What are mineral sands?
What are mineral sands?
Mineral sands are usually mined from beach sands. These may be modern beaches as in the case of the Eastern Coast of Australia, or ancient beaches like the Fingerboards Project.
Mineral sands is the term used to describe the valuable heavier sands of the beach. The valuable mineral sands of the Fingerboards deposit are zircon, rutile, ilmenite and rare earths.
Mineral sands minerals are used in a range of everyday products including tiles, paint, plastics, sunscreen and even in foodstuffs. They are also essential to high-tech industries with uses in renewable energy,
Around 45% of zircon is used in ceramics, with the biggest use is in tiles, bathroom fixtures and tableware. It is also used in high-tech applications like bone replacements, abrasion resistance and solid oxide fuel cells.
Rutile and ilmenite are generally converted into titanium dioxide and titanium metal. Titanium dioxide is the white pigment that is used in paints and plastics. It replaced lead oxide in paint when lead oxide was found to be poisonous. Most of us will use a product containing titanium dioxide on a daily basis – brushing our teeth with toothpaste, applying sunscreen or making a note on a piece of white paper.
Titanium metal is used to lighten the weight of the transport industry, for sporting goods, medical equipment like hip replacements and even in the space industry.
Rare Earths is a group of elements that are not actually that rare in the earth’s crust, but are rare to find in economic concentrations.
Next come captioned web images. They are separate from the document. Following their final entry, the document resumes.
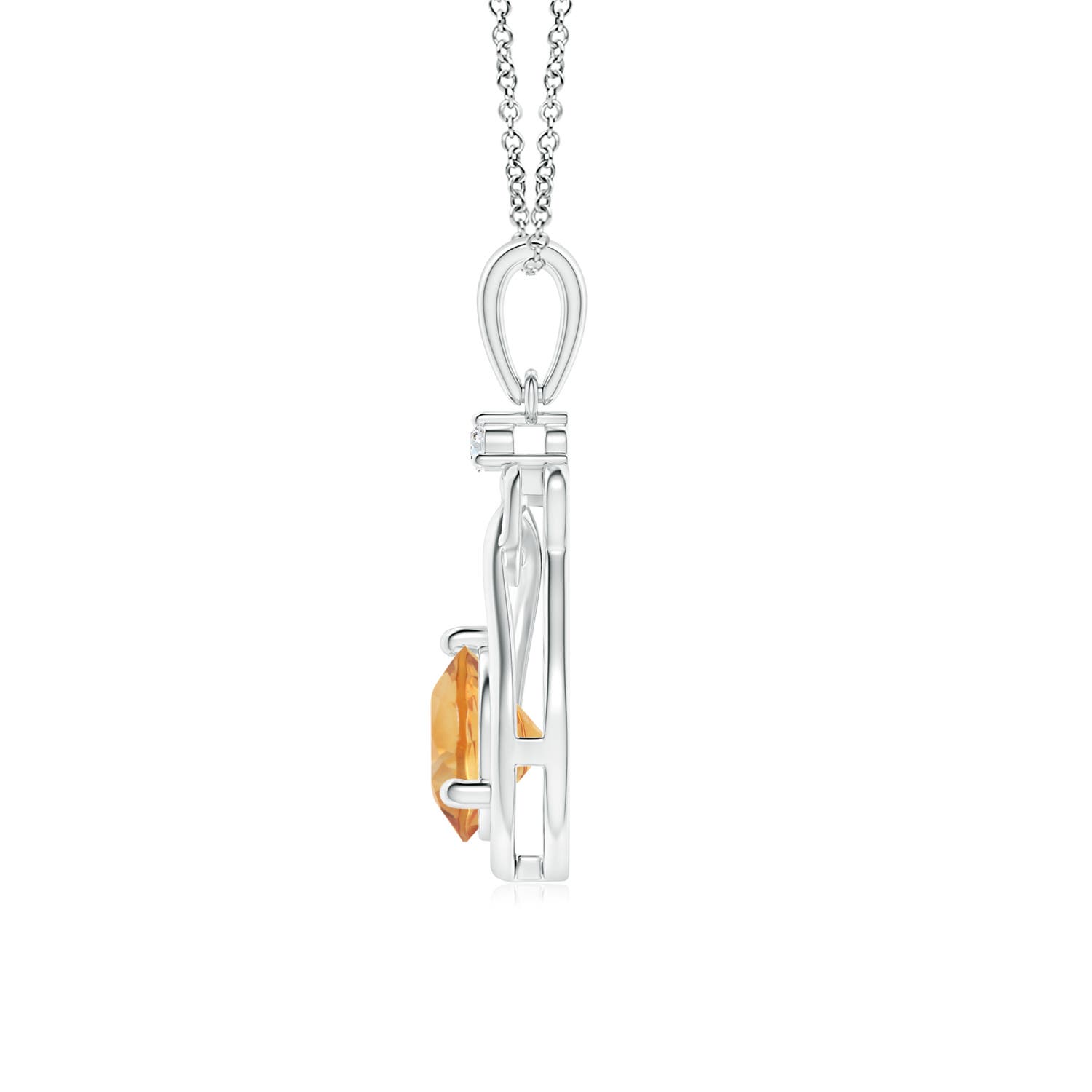 A - Citrine / 0.71 CT / 14 KT White Gold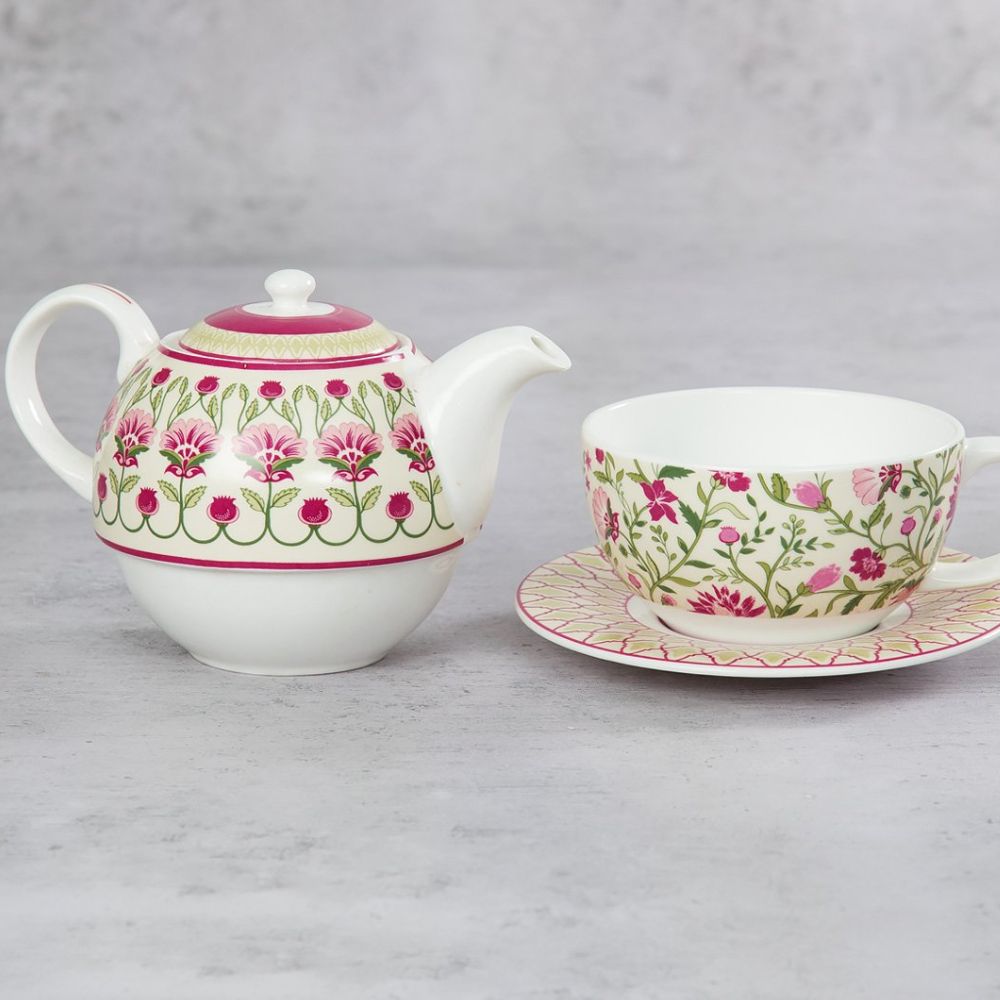 India Circus Rose Mallow Tea for One | Tea Set | Set of 3 Pcs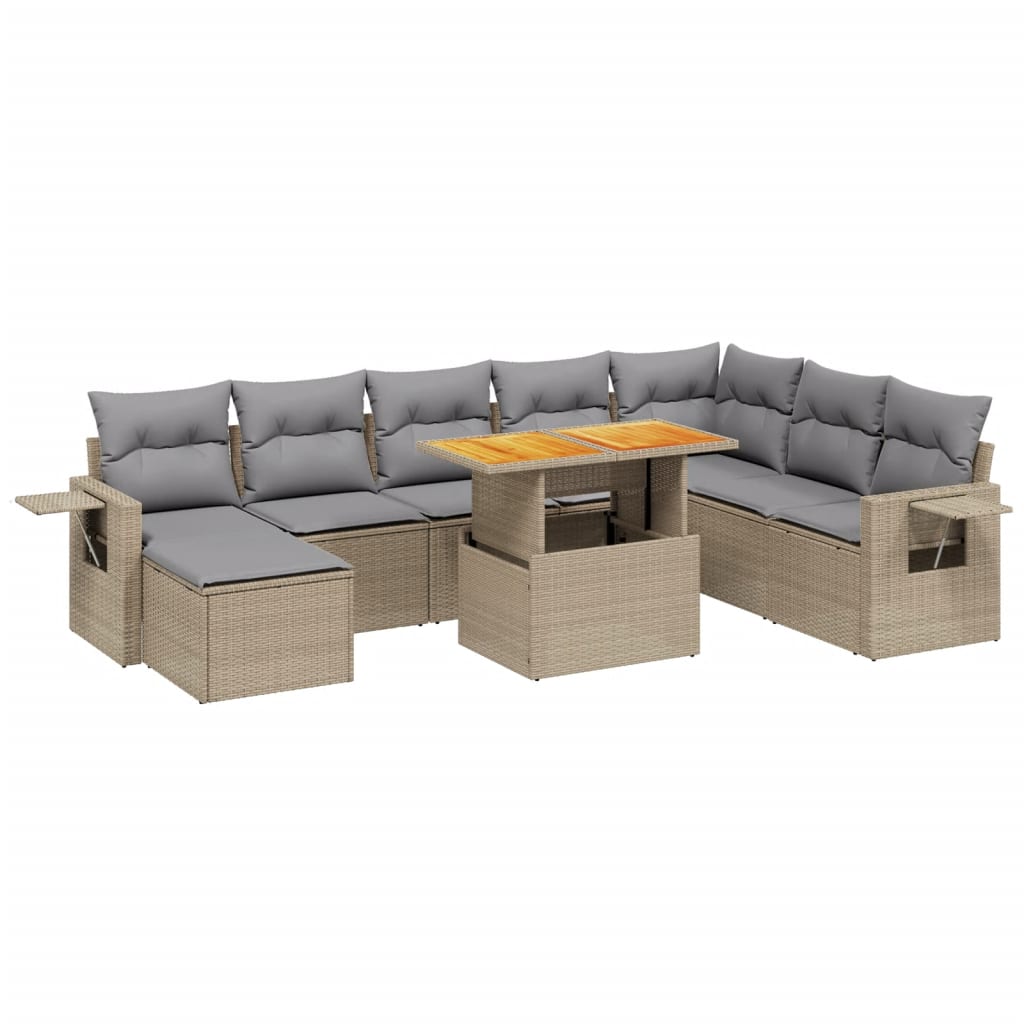 vidaXL 9-piece Poly Rattan Lounge Set with Cushions Black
The Fingerboards deposit is rich in the highly valuable rare earths Neodinium, Prasodynium, Dysprosium and Terbium. These rare earths are used in myriad applications but are essential to high-tech mobile technology, medical applications, temperature magnets used in windfarms, and the powerful batteries in electric vehicles.
The Fingerboards Mine is one of the largest zircon and rare earth development projects in the world. Once in production, the Fingerboards is expected to supply up to 10% of global demand for rare earths required for the development of clean energy. This will be pivotal, to Bloomberg’s estimate of wind and solar energy reaching a combined 48% of global energy capacity by 2040.
The proposed Gippsland off-shore wind farm would consume roughly 50% of the Fingerboards annual Neodynium and Prasodynium (NdPr) production, enabling the construction of 14,000 gigawatts of wind power annually; enough to power 14 million homes.
Rare earths production from the Fingerboards is enough to construct 2.8 million electric vehicles annually.